In Fast PokeEMU mode, you may see the script rerun single tests to generate a list of valid tests to aggregate. This is due to the incompleteness of PokeEMU's exception handler. Note that in practice this is a one-time effort as long as you don't regenerate machine states or redo any other previous steps.

As a example, we run Fast PokeEMU tests for add %al,(%eax) using this one-line command.

./simpleTest.sh -s \\x00\\x00 --aggreg-test
# 00 00 is the hex string format of add %al,(%eax)

Alternatively, you can replace --aggreg-test with --single-test to test this instruction using vanilla PokeEMU. For a full list of options, run ./simpleTest.sh -h.

You can test any instruction by replacing \\x00\\x00 with either strings from the 1st column of instruction.csv (remember to replace \ with \\), or the hex string of any other valid Intel X86 instruction.

Some other examples you can test quickly.

Instruction	Hex string
btr %eax,0x0	\\x0f\\xb3\\x05\\x00\\x00\\x00\\x00
bsf (%eax),%ax	\\0x66\\0x0f\\0xbc\\0x00
mov %cr0,%eax	\\x3e\\x0f\\x22\\x00

Effectiveness experiment

We use the phrase "effectiveness experiment" for experiments like the one in section 5.3 of the VEE'18 paper which compare the fault-finding performance of Fast PokeEMU to that of vanilla PokeEMU.

You have a choice of two scripts for running effectiveness experiments. pokeEMU-offline.sh is the script that we used to run the experiments in the paper, while effect-one-insn.pl runs similar experiments but in a different order that reduces the maximum amount of disk space required.

Effectiveness experiments with pokeEMU-offline.sh

Before running pokeEMU-offline.sh, you need to generate machine states for all the instructions you want to involve if you haven't, and set the $in in pokeEMU-offline.sh to the directory of machine states.

When you are ready, run the following instruction to run the full experiment. It takes at least 40 hours on a typical PC. The final results of this experiment are stored in $dir/out, where $dir is another variable in pokeEMU-offline.sh that you can change.

./pokeEMU-offline.sh -s 0
# -s 0 starts from the very beginning.
# You call also start from the middle of this experiment.
# (See ./pokeEMU-offline.sh -h for more options.)

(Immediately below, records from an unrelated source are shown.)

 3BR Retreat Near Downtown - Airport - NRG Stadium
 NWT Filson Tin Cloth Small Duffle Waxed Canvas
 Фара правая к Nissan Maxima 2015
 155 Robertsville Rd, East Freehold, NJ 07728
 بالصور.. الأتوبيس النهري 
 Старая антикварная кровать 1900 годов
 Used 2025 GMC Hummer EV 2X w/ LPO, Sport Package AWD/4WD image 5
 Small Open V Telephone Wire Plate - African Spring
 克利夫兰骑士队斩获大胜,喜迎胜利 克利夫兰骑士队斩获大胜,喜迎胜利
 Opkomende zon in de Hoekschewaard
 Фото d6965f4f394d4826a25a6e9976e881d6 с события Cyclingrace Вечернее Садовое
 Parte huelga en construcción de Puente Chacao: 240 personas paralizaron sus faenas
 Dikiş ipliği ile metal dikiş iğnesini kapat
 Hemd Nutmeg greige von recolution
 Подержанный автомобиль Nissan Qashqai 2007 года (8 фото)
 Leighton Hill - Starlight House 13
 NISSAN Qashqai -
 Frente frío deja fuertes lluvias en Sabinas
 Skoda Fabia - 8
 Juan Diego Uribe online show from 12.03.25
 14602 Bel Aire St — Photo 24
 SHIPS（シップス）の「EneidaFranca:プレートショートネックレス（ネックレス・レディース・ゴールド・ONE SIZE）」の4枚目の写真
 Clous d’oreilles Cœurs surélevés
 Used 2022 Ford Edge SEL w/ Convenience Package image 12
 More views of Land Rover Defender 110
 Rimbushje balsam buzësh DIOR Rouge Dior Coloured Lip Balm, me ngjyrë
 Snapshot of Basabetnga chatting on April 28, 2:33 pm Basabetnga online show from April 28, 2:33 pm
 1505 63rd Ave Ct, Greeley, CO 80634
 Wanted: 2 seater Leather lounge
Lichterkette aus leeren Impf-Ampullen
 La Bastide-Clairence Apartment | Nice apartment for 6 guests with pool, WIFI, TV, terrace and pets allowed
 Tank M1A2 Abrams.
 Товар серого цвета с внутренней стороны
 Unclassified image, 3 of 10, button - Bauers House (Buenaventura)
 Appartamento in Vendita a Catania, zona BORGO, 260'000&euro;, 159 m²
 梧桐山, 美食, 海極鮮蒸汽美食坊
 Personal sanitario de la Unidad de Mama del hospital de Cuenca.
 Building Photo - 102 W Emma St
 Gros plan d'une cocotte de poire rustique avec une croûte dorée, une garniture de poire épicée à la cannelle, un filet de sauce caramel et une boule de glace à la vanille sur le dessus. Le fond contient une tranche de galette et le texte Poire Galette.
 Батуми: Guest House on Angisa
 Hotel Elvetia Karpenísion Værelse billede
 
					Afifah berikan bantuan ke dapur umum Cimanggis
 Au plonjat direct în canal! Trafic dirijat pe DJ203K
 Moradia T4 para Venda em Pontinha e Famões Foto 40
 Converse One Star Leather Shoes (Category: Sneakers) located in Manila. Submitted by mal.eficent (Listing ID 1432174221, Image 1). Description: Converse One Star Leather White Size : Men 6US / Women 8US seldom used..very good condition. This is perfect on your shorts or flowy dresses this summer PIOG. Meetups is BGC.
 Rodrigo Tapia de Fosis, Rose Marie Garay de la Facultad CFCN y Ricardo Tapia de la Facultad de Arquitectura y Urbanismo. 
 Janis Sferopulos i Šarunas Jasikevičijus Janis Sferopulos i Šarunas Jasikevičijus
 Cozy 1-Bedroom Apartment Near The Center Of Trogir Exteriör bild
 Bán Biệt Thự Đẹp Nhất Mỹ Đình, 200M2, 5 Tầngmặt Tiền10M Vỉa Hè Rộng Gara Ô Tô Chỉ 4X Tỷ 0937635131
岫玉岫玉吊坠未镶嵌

Effectiveness experiments with effect-one-insn.pl

The effect-one-insn.pl script runs all the parts of an effectiveness experiment that pertain to a single instruction variant (byte sequence). The script takes two arguments, an output directory and an instruction byte sequence. For instance:

perl effective-one-insn.pl /tmp/effect-out 013f

It will write experimental results in the output directory and also in a subdirectory of the output directory named after the instruction variant, e.g. /tmp/effect-out/ADD_EdGdM-013f.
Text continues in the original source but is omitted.